Does a player have to maintain control even to the ground? How many feet does the player have to get in bounds? How about the football does it merely have to cross the plain of the goal line if the catch is to turn into a touchdown catch? Seemingly the list of questions goes on and on, and yet, all of this makes way too complicated something that ought to be simple.

There’s a saying recently repeated by a player on the winning side of the Super Bowl that applies to this gray-area of a sport: “If it looks like a duck, swims like a duck, and quacks like a duck, then it’s probably a duck!” (Otherwise known as “The Duck Rule”) This saying though applies to more than simply the rules of a game. It could just as easily apply to taking care of others as we live into the reign of Jesus, the Kingdom of God, and life in Christ!

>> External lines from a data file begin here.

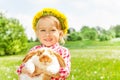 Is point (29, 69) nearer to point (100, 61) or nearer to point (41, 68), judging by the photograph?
point (41, 68)

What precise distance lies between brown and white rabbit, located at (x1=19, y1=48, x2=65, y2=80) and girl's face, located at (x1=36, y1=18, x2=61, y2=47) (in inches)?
14.5

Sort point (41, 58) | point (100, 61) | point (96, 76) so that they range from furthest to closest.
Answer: point (100, 61) → point (96, 76) → point (41, 58)

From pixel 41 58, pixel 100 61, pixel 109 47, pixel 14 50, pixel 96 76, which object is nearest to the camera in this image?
pixel 41 58

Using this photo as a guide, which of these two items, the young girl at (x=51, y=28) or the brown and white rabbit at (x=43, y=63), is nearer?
the brown and white rabbit at (x=43, y=63)

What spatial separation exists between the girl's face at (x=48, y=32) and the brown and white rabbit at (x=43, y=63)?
37 centimetres

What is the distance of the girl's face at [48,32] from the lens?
629cm

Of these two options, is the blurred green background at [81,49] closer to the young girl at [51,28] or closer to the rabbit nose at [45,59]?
the young girl at [51,28]

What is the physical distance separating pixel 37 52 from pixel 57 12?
0.75 metres

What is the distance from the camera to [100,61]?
1423 cm

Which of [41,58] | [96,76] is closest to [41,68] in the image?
[41,58]

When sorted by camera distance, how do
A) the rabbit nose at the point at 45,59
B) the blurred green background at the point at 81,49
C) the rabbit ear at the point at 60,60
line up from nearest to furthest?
1. the rabbit nose at the point at 45,59
2. the rabbit ear at the point at 60,60
3. the blurred green background at the point at 81,49

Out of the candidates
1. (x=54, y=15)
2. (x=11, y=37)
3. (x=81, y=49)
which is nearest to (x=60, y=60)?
(x=54, y=15)

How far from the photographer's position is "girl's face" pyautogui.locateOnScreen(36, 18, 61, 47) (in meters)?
6.29

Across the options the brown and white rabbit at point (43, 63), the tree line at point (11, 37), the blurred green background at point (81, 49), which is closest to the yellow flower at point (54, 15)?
the brown and white rabbit at point (43, 63) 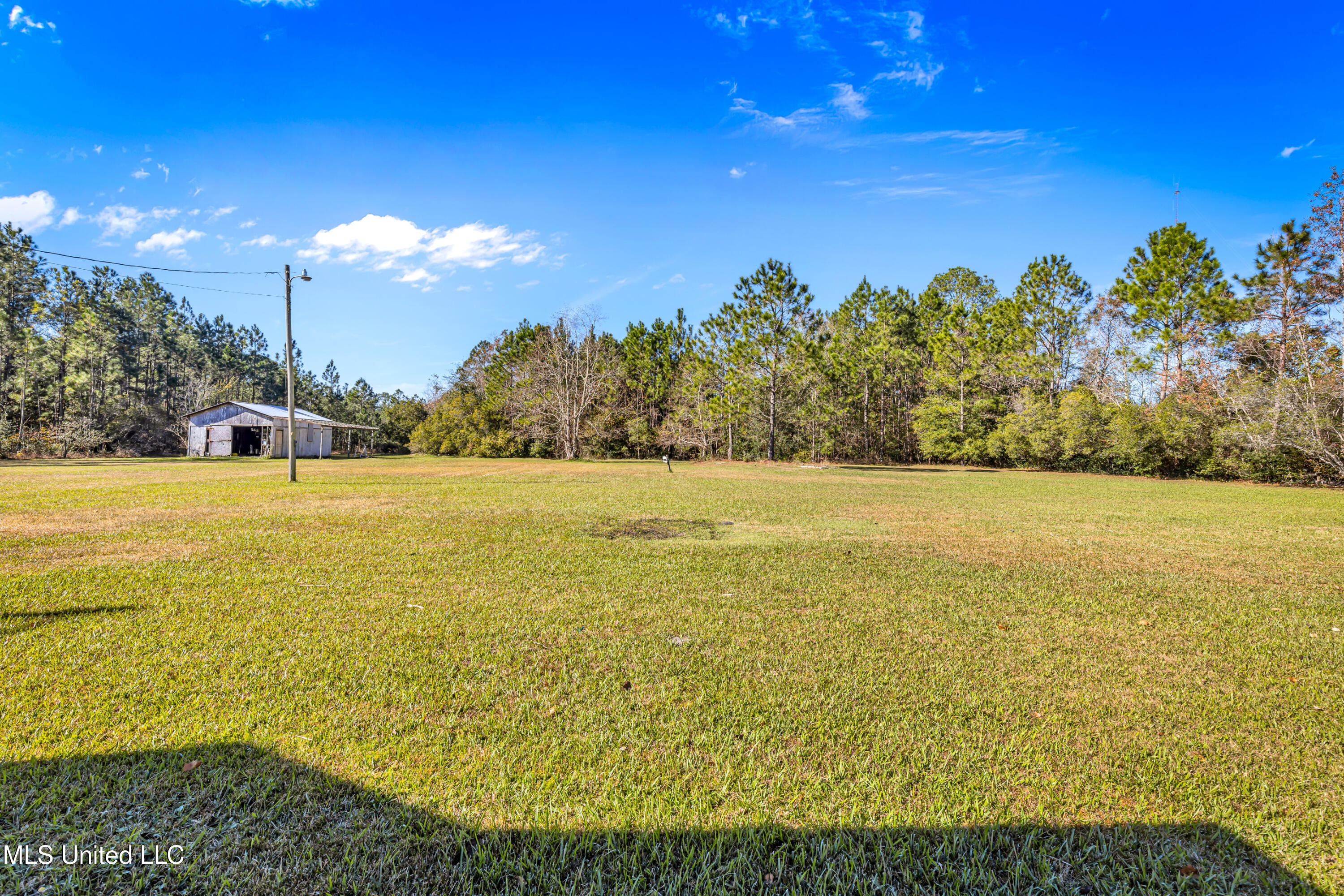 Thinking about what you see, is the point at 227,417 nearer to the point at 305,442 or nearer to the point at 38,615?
the point at 305,442

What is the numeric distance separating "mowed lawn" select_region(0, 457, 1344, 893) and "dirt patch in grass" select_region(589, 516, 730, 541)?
105 centimetres

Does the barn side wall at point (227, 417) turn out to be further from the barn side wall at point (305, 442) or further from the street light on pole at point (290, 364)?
the street light on pole at point (290, 364)

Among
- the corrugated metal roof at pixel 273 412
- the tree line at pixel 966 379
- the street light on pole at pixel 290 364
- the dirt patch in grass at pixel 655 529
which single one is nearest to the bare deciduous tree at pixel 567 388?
the tree line at pixel 966 379

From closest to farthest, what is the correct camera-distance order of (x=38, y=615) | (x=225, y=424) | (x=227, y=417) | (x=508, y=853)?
1. (x=508, y=853)
2. (x=38, y=615)
3. (x=225, y=424)
4. (x=227, y=417)

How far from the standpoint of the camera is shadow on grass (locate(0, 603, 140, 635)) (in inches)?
146

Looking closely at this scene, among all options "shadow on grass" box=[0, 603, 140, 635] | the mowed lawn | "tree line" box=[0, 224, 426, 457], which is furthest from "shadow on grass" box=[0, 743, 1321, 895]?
"tree line" box=[0, 224, 426, 457]

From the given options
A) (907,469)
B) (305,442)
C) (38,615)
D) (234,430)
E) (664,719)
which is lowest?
(907,469)

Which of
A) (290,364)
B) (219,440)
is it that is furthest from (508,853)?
(219,440)

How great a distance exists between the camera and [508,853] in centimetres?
182

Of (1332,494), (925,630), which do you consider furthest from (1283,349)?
(925,630)

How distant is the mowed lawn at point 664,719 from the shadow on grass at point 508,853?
0.03ft

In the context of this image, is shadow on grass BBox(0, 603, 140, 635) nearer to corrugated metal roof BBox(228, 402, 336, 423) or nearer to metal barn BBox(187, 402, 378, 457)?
corrugated metal roof BBox(228, 402, 336, 423)

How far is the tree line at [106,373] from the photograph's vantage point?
34.3 meters

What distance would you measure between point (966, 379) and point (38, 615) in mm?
36696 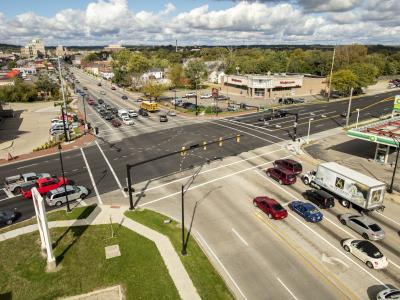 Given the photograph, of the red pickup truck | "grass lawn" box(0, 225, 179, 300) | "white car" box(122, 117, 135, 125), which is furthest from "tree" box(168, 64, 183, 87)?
"grass lawn" box(0, 225, 179, 300)

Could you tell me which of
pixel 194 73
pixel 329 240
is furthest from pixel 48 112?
pixel 329 240

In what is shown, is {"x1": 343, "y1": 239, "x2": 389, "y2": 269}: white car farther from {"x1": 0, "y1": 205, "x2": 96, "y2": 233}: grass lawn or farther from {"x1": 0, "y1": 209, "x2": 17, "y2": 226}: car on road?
{"x1": 0, "y1": 209, "x2": 17, "y2": 226}: car on road

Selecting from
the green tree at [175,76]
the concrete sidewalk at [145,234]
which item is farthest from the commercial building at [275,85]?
the concrete sidewalk at [145,234]

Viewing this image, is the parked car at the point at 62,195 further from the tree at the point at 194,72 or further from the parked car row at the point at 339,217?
the tree at the point at 194,72

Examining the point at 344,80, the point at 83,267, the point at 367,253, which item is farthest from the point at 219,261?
the point at 344,80

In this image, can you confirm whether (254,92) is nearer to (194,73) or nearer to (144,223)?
(194,73)

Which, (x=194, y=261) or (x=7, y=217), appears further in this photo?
(x=7, y=217)

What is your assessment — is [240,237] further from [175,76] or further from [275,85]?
[175,76]

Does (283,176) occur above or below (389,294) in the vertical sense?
above

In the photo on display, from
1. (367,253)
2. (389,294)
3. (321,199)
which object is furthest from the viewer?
(321,199)

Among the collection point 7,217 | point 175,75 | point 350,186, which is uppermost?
point 175,75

In today’s Gospel lesson (Mark 7:1-13) the scribes and Pharisees have a problem with Jesus’ disciples. The tradition of the day stated that good followers of the Law would not eat with defiled hands, eat out of dirty dishes, or consume anything from the market that had not been cleaned. All of this seems good enough—and certainly practical enough; however, Jesus had a problem with the scribes and Pharisees criticizing his disciples. His problem though was not as much with the letter of the Law, as it was with the spirit of it.

Jesus saw those obsessed over religious law like many today might see the ridiculousness of several pages of rules to define a catch or a multi-million dollar study to tell us what a duck is. To Jesus the scribes and Pharisees had substituted the man-made practices for the God given commandments. In particular, Jesus struggled with the hypocrisy of one rule.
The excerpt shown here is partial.